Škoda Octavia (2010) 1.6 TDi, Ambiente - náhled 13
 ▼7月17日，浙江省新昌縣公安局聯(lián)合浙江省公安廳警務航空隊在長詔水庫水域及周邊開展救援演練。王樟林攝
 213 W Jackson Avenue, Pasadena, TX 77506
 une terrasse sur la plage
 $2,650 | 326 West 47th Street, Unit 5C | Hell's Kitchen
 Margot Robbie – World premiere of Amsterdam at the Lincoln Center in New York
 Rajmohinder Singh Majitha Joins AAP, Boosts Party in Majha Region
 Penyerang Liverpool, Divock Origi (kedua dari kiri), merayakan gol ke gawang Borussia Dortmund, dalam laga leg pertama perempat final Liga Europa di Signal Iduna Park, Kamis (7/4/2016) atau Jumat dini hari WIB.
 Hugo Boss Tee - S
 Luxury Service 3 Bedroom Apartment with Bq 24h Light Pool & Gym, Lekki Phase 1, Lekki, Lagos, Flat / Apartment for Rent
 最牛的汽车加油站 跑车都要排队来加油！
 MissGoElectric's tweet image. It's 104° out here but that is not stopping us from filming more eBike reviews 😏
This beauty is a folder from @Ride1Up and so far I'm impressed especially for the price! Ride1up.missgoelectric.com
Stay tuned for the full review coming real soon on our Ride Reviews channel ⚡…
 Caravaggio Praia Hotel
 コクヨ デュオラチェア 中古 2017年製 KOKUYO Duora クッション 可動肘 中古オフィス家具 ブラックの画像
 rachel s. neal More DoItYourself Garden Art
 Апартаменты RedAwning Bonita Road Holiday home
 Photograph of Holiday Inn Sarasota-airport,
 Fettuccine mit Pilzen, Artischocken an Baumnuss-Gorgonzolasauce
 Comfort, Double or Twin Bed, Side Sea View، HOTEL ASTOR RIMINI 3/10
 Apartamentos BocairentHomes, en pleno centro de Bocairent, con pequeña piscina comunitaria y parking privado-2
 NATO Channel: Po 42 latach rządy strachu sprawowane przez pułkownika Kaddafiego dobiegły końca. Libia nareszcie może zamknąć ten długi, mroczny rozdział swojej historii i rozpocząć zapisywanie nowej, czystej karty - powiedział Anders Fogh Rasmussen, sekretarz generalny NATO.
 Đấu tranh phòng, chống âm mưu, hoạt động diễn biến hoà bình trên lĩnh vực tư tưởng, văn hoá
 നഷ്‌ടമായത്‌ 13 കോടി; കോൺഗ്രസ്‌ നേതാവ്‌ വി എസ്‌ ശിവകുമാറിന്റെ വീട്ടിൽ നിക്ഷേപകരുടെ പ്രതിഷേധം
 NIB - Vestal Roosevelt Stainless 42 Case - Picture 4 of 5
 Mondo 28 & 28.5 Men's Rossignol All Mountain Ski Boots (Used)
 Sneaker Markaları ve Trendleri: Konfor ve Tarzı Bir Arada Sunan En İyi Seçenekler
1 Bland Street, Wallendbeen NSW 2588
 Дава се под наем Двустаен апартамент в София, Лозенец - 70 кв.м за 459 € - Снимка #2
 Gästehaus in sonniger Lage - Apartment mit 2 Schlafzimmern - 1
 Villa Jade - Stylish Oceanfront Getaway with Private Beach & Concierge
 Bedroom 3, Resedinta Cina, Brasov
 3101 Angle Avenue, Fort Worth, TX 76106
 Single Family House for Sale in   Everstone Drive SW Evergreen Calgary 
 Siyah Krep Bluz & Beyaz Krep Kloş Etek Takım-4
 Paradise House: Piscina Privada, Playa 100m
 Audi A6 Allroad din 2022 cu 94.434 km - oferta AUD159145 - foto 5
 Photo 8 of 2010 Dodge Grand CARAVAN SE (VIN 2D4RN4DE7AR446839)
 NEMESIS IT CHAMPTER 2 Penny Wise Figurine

**EXERCISE DESCRIPTION**
Check each line of the preceding material for the word "Apartment", then state how many lines contain it, with no other text.

**SOLUTION FOR THIS EXERCISE**
2